# IMC 2003 507.12 Canopy size and location - vertical distance shall not exceed 4 feet



## syarn (Jun 10, 2011)

what is the significance of the max 4 feet distance per section 507.12 of IMC 2003?

aka why is it 4'? was that determined from industry accepted testing?

"...The vertical distance between the front lower lip of the hood and the cooking surface shall not exceed 4 feet..."

is a toaster considered a "cooking surface" therefore requiring this overhead hood?


----------



## north star (Jun 10, 2011)

** * * **

syarn,

Please define toaster..........How many BTU's, size, etc.

Regarding the 4 ft. vertical separation, IMO, I'm guessing that

that dimension will facilitate the capture of the contaminants

being produced during the cooking process more effectively

than a taller dimension will..........If the hood is located 4+ ft. or

more above the cooking surfaces, then all of the

contaminants might not be captured.

** * * **


----------



## syarn (Jun 10, 2011)

the toaster is a fusion by lincoln brand model # 2040.

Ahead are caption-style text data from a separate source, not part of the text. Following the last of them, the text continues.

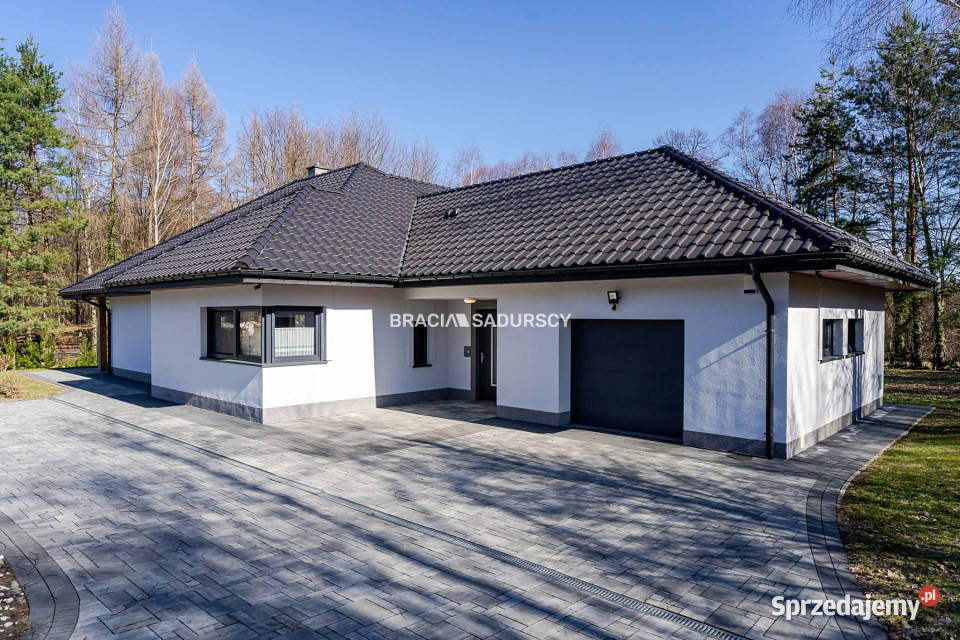 Dom wolnostojący 2077m2 Łomna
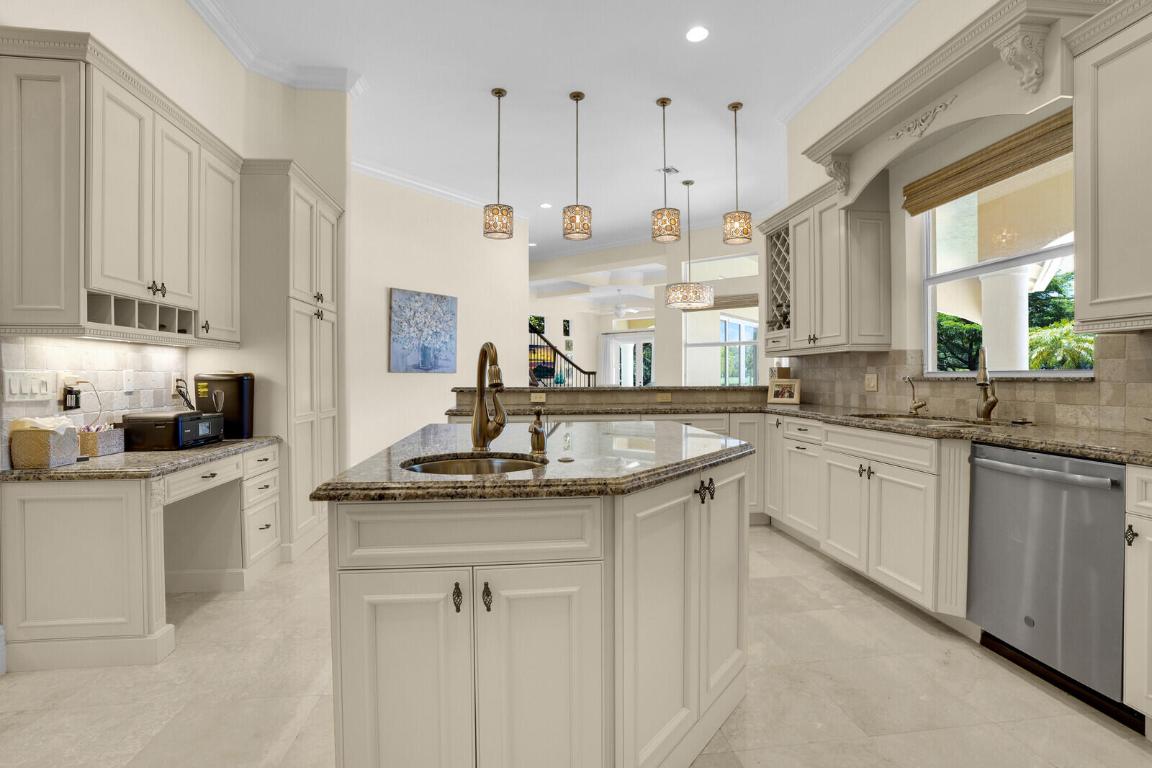 8380 Woodsmuir Drive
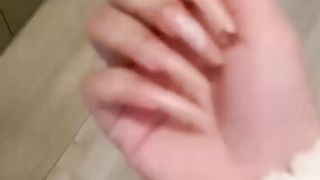 【69堂午夜视频】不偷不抢不肮脏_张开双腿就开张_广东惠州夜场小姐假怀孕骗钱讨生活_被人发现是同一个人后被曝光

inpit rate is 8.3 kw, 208/240 volt, 40 amps, single phase, 50/60 Hz.

http://www.lincolnfp.com/?xhtml=xhtml/lin/us/en/general/product.html&productdata=xhtml/lin/us/en/product/prod_fusion.html&xsl=productdata.xsl


----------



## north star (Jun 10, 2011)

** * * **

syarn,

Your product link states that no ventilation is required, however,

to check with the AHJ for any local requirements and NFPA-96.

How many of these are planned for installation?

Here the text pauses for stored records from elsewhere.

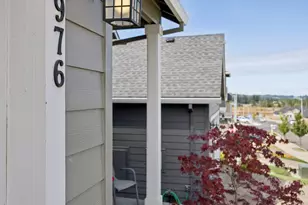 976 NE Trillium Dr, Estacada, OR 97023 - Photo 4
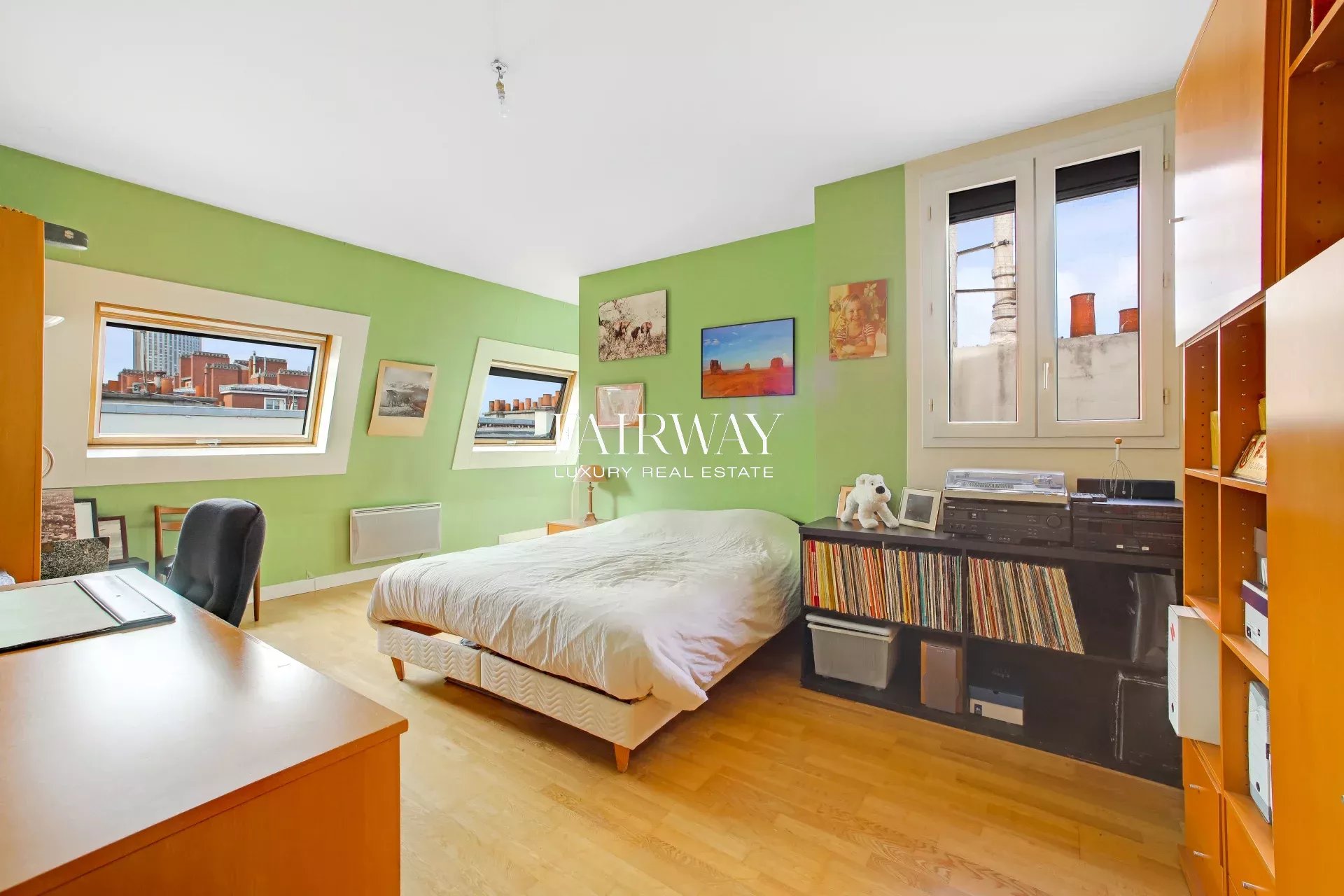 Duplex 240 m² aux derniers étages avec balcon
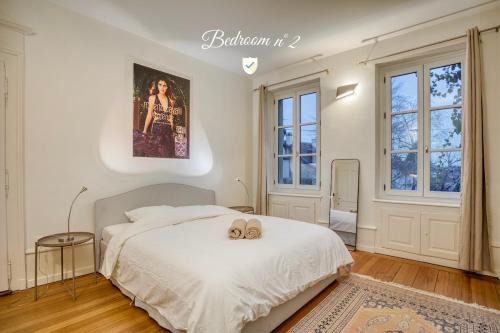 Ferney-Voltaire House | Bedroom 2 - Authentic charm - COLIVING Historic House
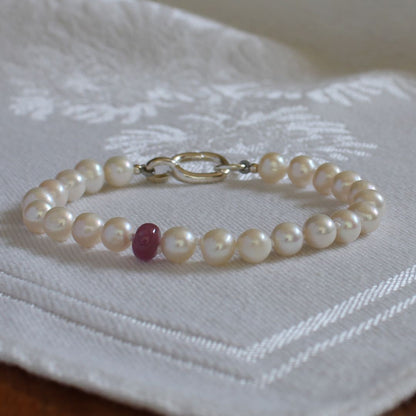 Drift 6mm White Pearl Bracelet - Pink Sapphire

In this AHJ, we typically allow them without any Type I or II

hoods for exhausting, ...*" IF "* it is only the one being installed.

As a recommendation, the AHJ in question in your area, might

want to get a written agreement that only the one will be

installed........Have the business owner sign it and the BO,

...possibly the Fire Official.......That way, *if* or when a fire

event occurs because of one of these appliances, the AHJ

will have cause to have them removed......If more than one is

planned for installation, then you might want to discuss with

the Fire Official to get their input.

As part of your "due diligence", you might to check the U.L.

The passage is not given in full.